I’m certain you didn’t run out due to coronavirus. I’m certain you were not frantically changing your mask as you waxed through bodies of ill patients. Just didn’t keep your supply up?
You can send them to my state or any state. Sooner or later it will hit everywhere. You can send them to France, where 3 doctors have died. Perhaps you’re unaware that Mike Pence (he’s our Vice President) requested construction companies forgo masks & send all the ones they had (grossly inadequate for viruses) to the Task Force, trumpanzee, disinformation troll, liar.
Or you could send them to 3M, who makes them and is sure they can’t keep up & I guess they would know.
Be sure to alert the media that you have lots of masks so every nation in the world can line up for some, not to mention dozens of posters here on LetsRun.
I am a nurse and I can't believe you. I wish I could
coach wrote:
On the news they're showing long lines at drive through testing centers and mentioned that one reached its capacity before it opened.
No doubt many people are panicking, if you could drive yourself and wait 4 hours to be tested you're probably not dying. Nevertheless this just exhausts the health care system and workers.
Yeah, my news keeps running stories about the sites in NJ quickly reaching capacity as if it's proof that tons and tons of people have the virus. But I'm pretty sure in NJ they let anyone drive up regardless of how benign their perceived symptoms are, whereas in NY you need to call and make an appointment and be approved to come. Someone correct me if I'm wrong, but at one point those were the rules in NJ vs. NY.

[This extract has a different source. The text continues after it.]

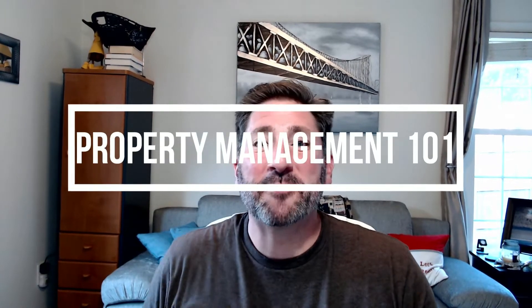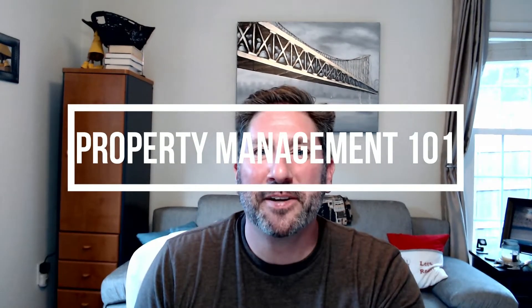Good morning, good afternoon, and good evening. This is Property Management 101, and today we'll be discussing tour shop reports.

Agree with you on this. Weird how CDC changes it's numbers even within a given year.
jesseriley wrote:
Be sure to alert the media that you have lots of masks so every nation in the world can line up for some, not to mention dozens of posters here on LetsRun.
What a clown...
29 doctors dead in Italy from the virus. Guessing they could have used some of those abundant masks that disinformation trolls claim to have.
5000 healthcare providers in Italy are infected.
Dude is on the “4 Million/NY Subway” thread with additional disinformation dipshi+ stuff.